DOVER, Del. — A Delaware judge on Wednesday approved a $139 million cash settlement between News Corp. and shareholders in a lawsuit over the British phone hacking scandal and the media conglomerate's purchase of an entertainment company run by News Corp. founder Rupert Murdoch's daughter.
The settlement approved by Vice-Chancellor John Noble brings an end to a lawsuit in which shareholders alleged that News Corp. directors, in blind deference to Murdoch, ignored several red flags about the extent of the hacking. The shareholders alleged that the directors failed to act until the scandal exploded in 2011 after British authorities reopened an investigation into the Murdoch-owned tabloid News of the World.
The damaging financial fallout included the folding of the best-selling News of the World after 168 years and News Corp. being pressured to withdraw a $12 billion takeover bid for satellite broadcaster British Sky Broadcasting Group PLC.
The plaintiffs also alleged that News Corp. directors breached their fiduciary duties to shareholders by acquiescing to Murdoch's decision to buy Shine Group, a television production company controlled by his daughter Elisabeth, at an allegedly inflated price of more than $600 million.

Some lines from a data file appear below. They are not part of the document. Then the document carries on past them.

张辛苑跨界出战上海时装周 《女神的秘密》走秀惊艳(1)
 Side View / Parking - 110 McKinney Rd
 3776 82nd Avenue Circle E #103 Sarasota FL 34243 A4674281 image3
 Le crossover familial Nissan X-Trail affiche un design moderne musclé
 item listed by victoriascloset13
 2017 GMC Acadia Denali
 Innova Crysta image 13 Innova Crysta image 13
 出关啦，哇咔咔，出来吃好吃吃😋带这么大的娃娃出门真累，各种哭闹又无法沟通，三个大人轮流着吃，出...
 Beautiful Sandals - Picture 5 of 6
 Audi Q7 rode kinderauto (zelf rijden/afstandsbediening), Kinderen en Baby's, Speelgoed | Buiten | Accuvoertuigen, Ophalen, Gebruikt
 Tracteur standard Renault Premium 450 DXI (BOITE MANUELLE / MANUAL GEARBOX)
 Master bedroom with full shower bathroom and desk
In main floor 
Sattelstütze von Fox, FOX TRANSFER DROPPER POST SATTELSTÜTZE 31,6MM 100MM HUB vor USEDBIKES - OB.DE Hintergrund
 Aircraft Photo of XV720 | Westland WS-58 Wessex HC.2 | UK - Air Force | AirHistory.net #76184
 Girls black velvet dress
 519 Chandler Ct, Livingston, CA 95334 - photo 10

Defense attorneys rejected the allegations, and the company, which is based in New York but incorporated in Delaware, settled the case without admitting any wrongdoing.
Plaintiffs' attorney Jay Eisenhofer told Noble that the settlement was one that his clients were "enthusiastic to support."
Attorneys said the cash settlement is the largest in a shareholder derivative lawsuit, in which stockholders file suit on behalf of a company against its corporate leaders.
"It's the largest cash derivative settlement that I've ever seen," Noble said.
The cash payment from News Corp. insurers, after subtracting $28 million in fees for the plaintiffs' lawyers, will benefit shareholders indirectly by going to the company.
The settlement also includes several corporate governance reforms aimed at ensuring that News Corp. has a more independent and active board of directors.
Among other things, it calls for a company compliance steering committee to report to an audit committee four times a year, to independent directors twice a year, and to the board as a whole annually. The settlement also requires News Corp. to maintain an anonymous whistleblower hotline and to adopt a policy on political activities. The corporate governance reforms also address the nomination and compensation of board directors.
"There will be significant procedural changes in how the board will have to operate," the judge noted.
Under the settlement, the corporate governance reforms must remain in place through Dec. 31, 2016.
News Corp. is close to completing a split into two separate publicly traded companies, one containing its newspaper and publishing assets, and the other containing its TV and movie properties.
Its stock rose 69 cents, or about 2 percent, to close at $32.15 Wednesday.